ありえない。まったくもってありえない。初心者の使うワードじゃないんだから。プリントアウトしに行く前にセーブしろよ、ていうか、セーブしてないのにプリントアウトできるようなシステムにしてること自体が・・・・orz

そんなところです、DMVってのは。ちなみに、最初に試験を受けに行ったときも、「あ、免許はSSN(ソーシャルセキュリティナンバー:アメリカ版住民基本台帳番号みたいなやつ)がないと取れないから、まずそれを取得してから来てね」と追い返されそうになった。これは全くの間違いで、SSNが取れない留学生なんかはナシでも免許の試験を受けられる。その時は、隣の窓口で手続きしていた同級生を指差して「彼もSSNないけど、あっちは手続きしてるじゃん!」と食い下がり、事なきを得た。こんな風に、明らかに間違っていることを何の疑問もなく遂行しようとする素敵なアメリカのお役所。これに比べりゃ、日本のお役所なんて全然マシ(そもそも、ここ最近、特に市役所なんかのサービスレベルの向上には目を見張るものがあるしね)。
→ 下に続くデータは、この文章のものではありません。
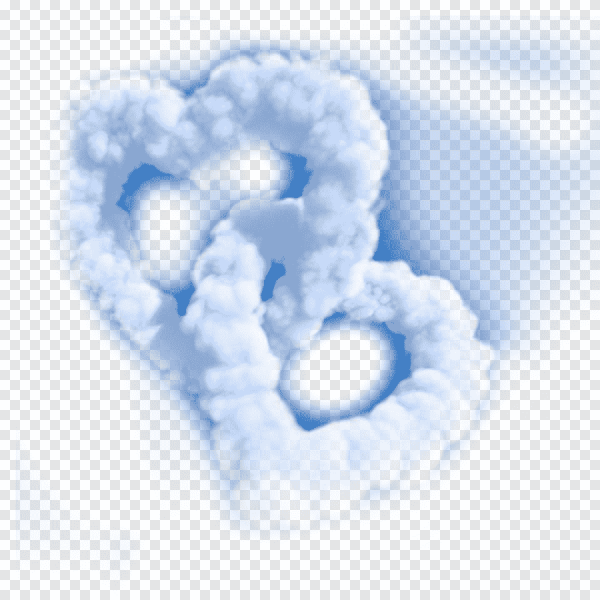 Сердце из облаков на прозрачном фоне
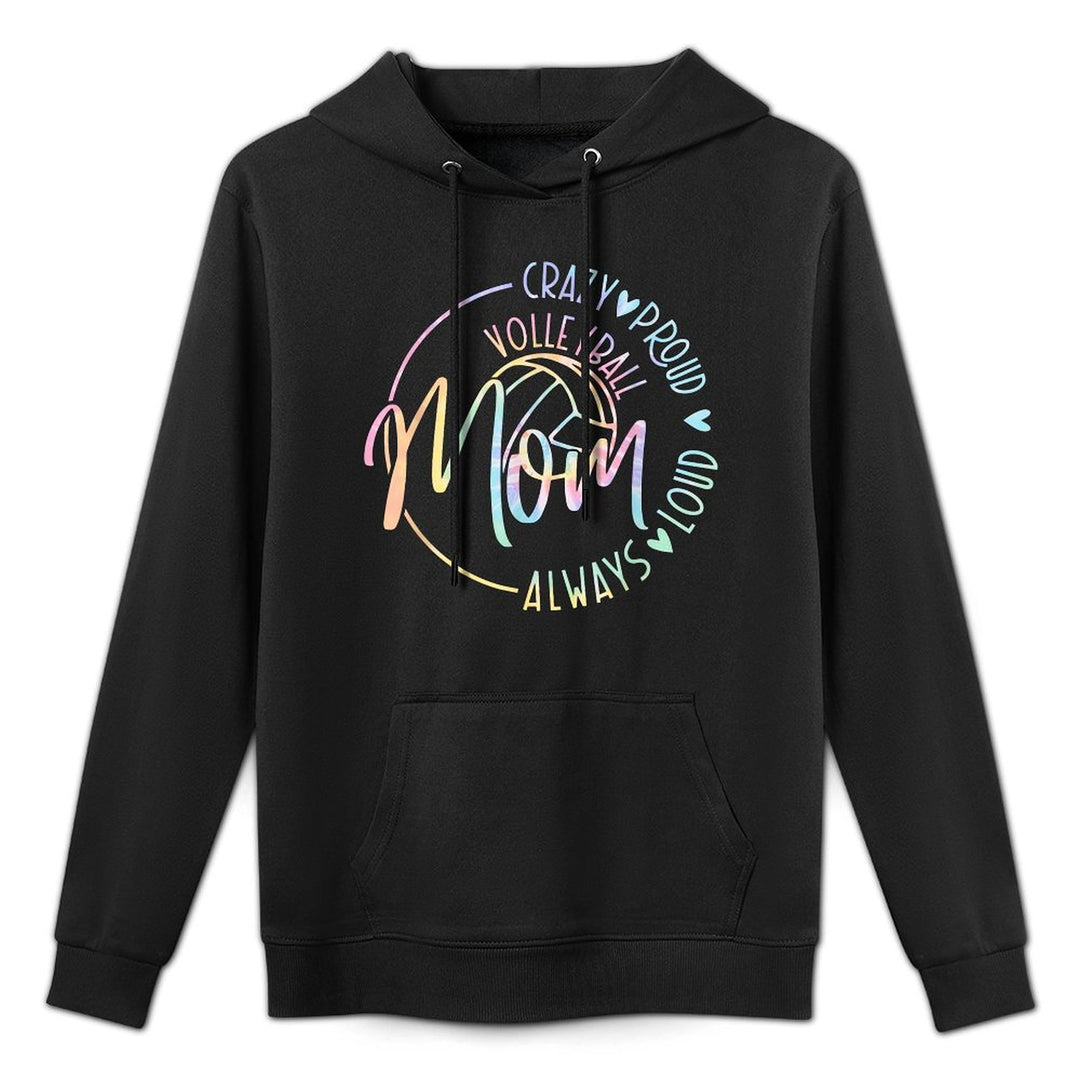 Volleyball Mom Crazy Proud Loud Always Tie Dye Mothers Day Shape Retention Hoodie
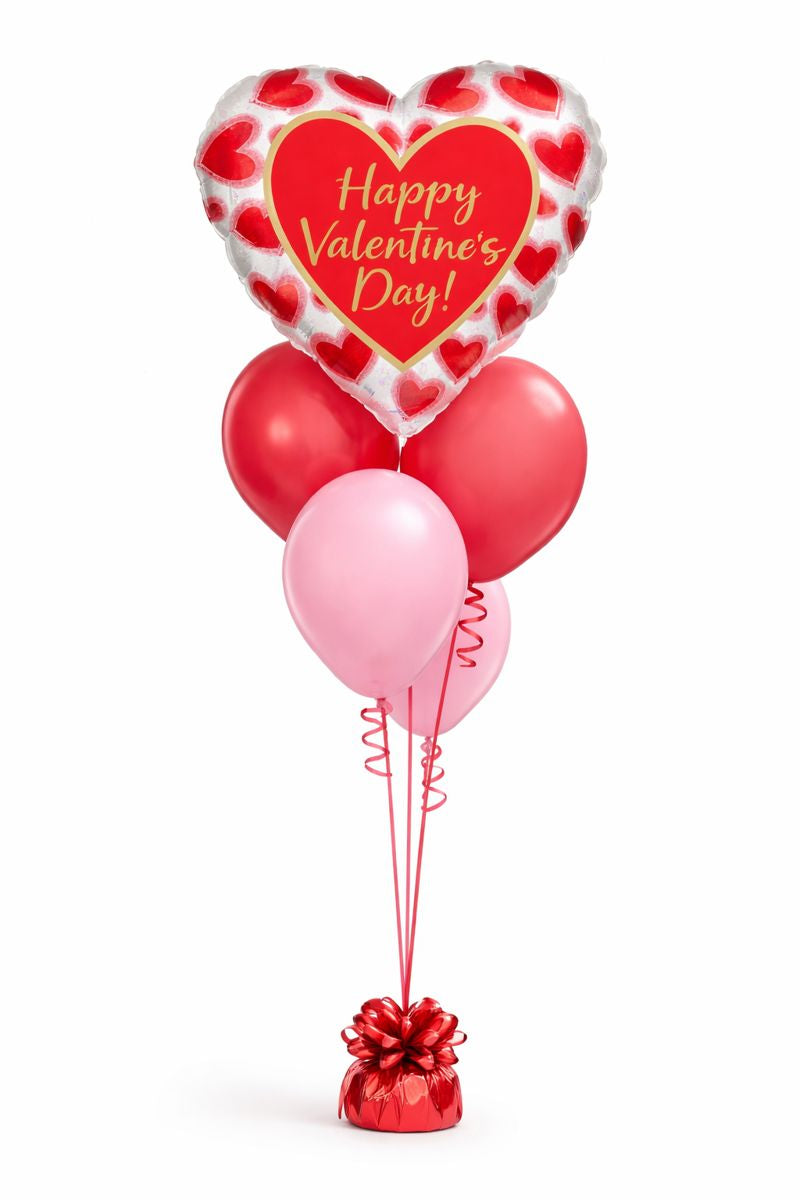 Valentine’s Day Balloon Bouquet – Heart Foil & Latex with Weight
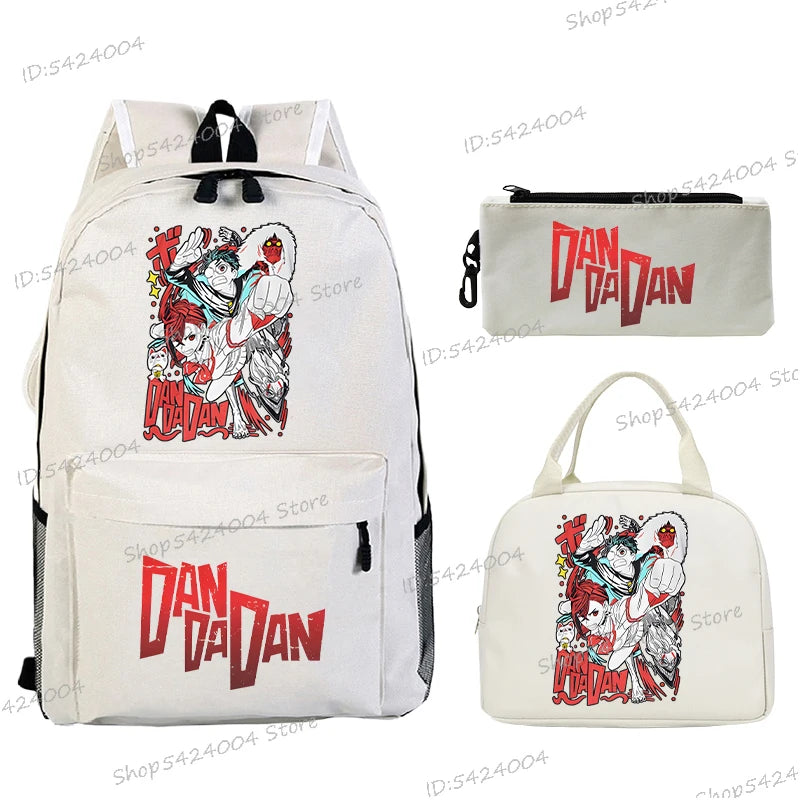 3Pcs Set Anime Dan Da Dan Backpack with Lunch Bags Pencil Case，Cartoon Ayase Momo Takakura Ken Print Women Men Schoolbag
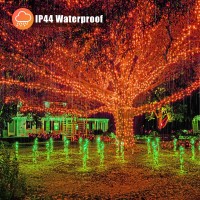 Vivideal 200 Led Halloween Lights Outdoor 66Ft Orange String Lights Indoor 8 Modes Clear Wire Plug In Waterproof Orange Christ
ともあれ、なんとかTemporaryの免許をゲット。あとはこの勢いが衰えないうちにさっさと実技試験を受けてしまって、早いとこ免許をゲットしなければ。

4 comments:

Anonymous said...

連邦や州の中央省庁だと90年代以降、パフォーマンス評価をある程度するようになったのですが、末端の方のエージェンシーは全くだめですね。何だか17:00に仕事を終えることが全てのモチベーションの源泉になってる気がします。身近だとPostal Officeとかも、人によって全然言うことが違うので、一応二人か複数のofficeで同じことを言ってない限り信用しないことにしてます。アメリカ人も不満たらたらです。DMVは私も昔泣かされました。。。

torizou said...

>一応二人か複数のofficeで同じことを言ってない限り信用しないことにしてます

あー、これ超重要ですよね。
奴らは基本的に、間違っていることを堂々と主張しますからね・・・

Anonymous said...

でもそのいい加減さのおかげで一回で合格できたとうちの母は感謝しておりましたよ(^^;

torizou said...

友人は実地試験を受けに行って、最後の講評のところで「あなたはこことこことここがダメ・・・」と言われながら一杯×をつけられ、「あーこりゃだめだわ」と思ったそうですが、神妙な顔をして「そうですね、これから気をつけます」などと言っていたら、最後には「でもまあ、こことこことここはちゃんと分かってるみたいだし・・・」と×の数が消えていき、合格したそうです。

という私もようやく2月末に実技試験ですわ。